On Mon, Dec 19, 2016 at 9:49 PM, Jean-Philippe Aumasson
<jeanphilippe.aumasson@gmail.com> wrote:
>
> On Mon, Dec 19, 2016 at 6:32 PM Jason A. Donenfeld <Jason@zx2c4.com> wrote:
>>
>> Hi JP,
>>
>> With the threads getting confusing, I've been urged to try and keep
>> the topics and threads more closely constrained. Here's where we're
>> at, and here's the current pressing security concern. It'd be helpful
>> to have a definitive statement on what you think is best, so we can
>> just build on top of that, instead of getting lost in the chorus of
>> opinions.
>>
>> 1) Anything that requires actual long-term security will use
>> SipHash2-4, with the 64-bit output and the 128-bit key.
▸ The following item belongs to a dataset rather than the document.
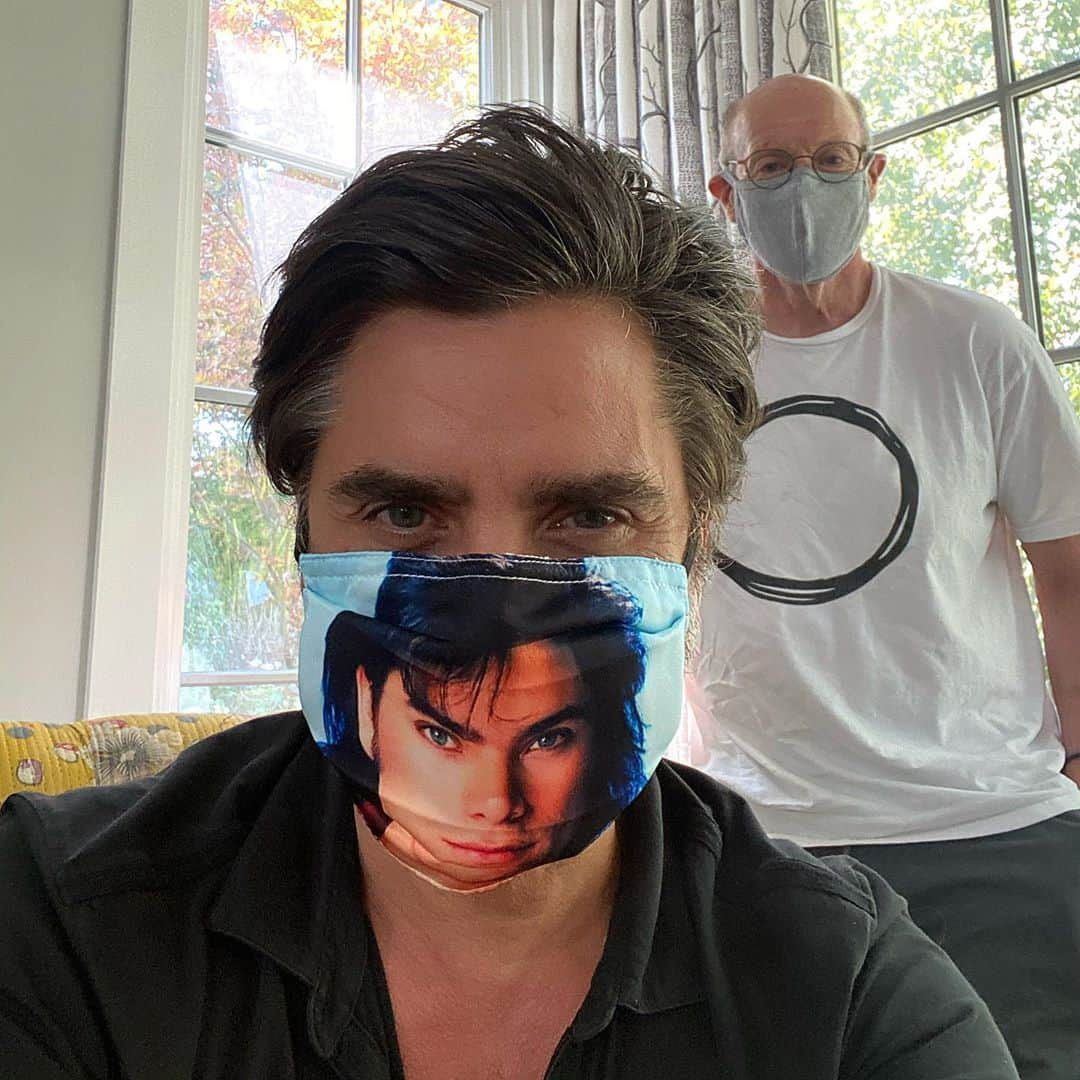 ジョン・ステイモスさんのインスタグラム写真 - (ジョン・ステイモスInstagram)「I want to thank bestie @neilmeron for the Rob Lowe mask.  Thanks Neil.」9月7日 10時52分 - johnstamos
This includes
>> things like TCP sequence numbers. This seems pretty uncontroversial to
>> me. Seem okay to you?
>
>
>
> Right, since 2012 when we published SipHash many cryptanalysts attempted to
> break SipHash-2-4 with a 128-bit key, for various notions of "break", and
> nothing worth worrying was ever found. I'm totally confident that
> SipHash-2-4 will live up to its security promises.
>
> Don't use something weaker for things like TCP sequence numbers or RNGs. Use
> SipHash2-4 for those. That is the correct choice.
>
>>
>>
>> 2) People seem to want something competitive, performance-wise, with
>> jhash if it's going to replace jhash. The kernel community
>> instinctively pushes back on anything that could harm performance,
>> especially in networking and in critical data structures, so there
>> have been some calls for something faster than SipHash. So, questions
>> regarding this:
>>
>
> No free lunch I guess: either go with a cryptographically secure,
> time-proved keyed hash such as SipHash, or go with some simpler hash deemed
> secure cos its designer can't break it :) #DontRollYourOwnCrypto
>
>> 2a) George thinks that HalfSipHash on 32-bit systems will have roughly
>> comparable speed as SipHash on 64-bit systems, so the idea would be to
>> use HalfSipHash on 32-bit systems' hash tables and SipHash on 64-bit
>> systems' hash tables. The big obvious question is: does HalfSipHash
>> have a sufficient security margin for hashtable usage and hashtable
>> attacks? I'm not wondering about the security margin for other usages,
>> but just of the hashtable usage. In your opinion, does HalfSipHash cut
>> it?
>
>
> HalfSipHash takes its core function from Chaskey and uses the same
> construction as SipHash, so it *should* be secure. Nonetheless it hasn't
> received the same amount of attention as 64-bit SipHash did. So I'm less
> confident about its security than about SipHash's, but it obviously inspires
> a lot more confidence than non-crypto hashes.
>
> Too, HalfSipHash only has a 64-bit key, not a 128-bit key like SipHash, so
> only use this as a mitigation for hash-flooding attacks, where the output of
> the hash function is never directly shown to the caller. Do not use
> HalfSipHash for TCP sequence numbers or RNGs.
>
>
>>
>>
>> 2b) While I certainly wouldn't consider making the use case in
>> question (1) employ a weaker function, for this question (2), there
>> has been some discussion about using HalfSipHash1-3 (or SipHash1-3 on
>> 64-bit) instead of 2-4. So, the same question is therefore posed:
>> would using HalfSipHash1-3 give a sufficient security margin for
>> hashtable usage and hashtable attacks?
>
>
> My educated guess is that yes, it will, but that it may not withhold
> cryptanalysis as a pseudorandom function (PRF). For example I wouldn't be
> surprised if there were a "distinguishing attack" that detects non-random
> patterns in HalfSipHash-1-3's output. But most of the non-crypto hashes I've
> seen have obvious distinguishing attacks. So the upshot is that HSH will get
> you better security that AnyWeakHash even with 1 & 3 rounds.
>
> So, if you're willing to compromise on security, but still want something
> not completely unreasonable, you might be able to get away with using
> HalfSipHash1-3 as a replacement for jhash—in circumstances where the output
> of the hash function is kept secret—in order to mitigate hash-flooding
> attacks.
>

Thanks for the detailed response. I will continue exactly how you've specified.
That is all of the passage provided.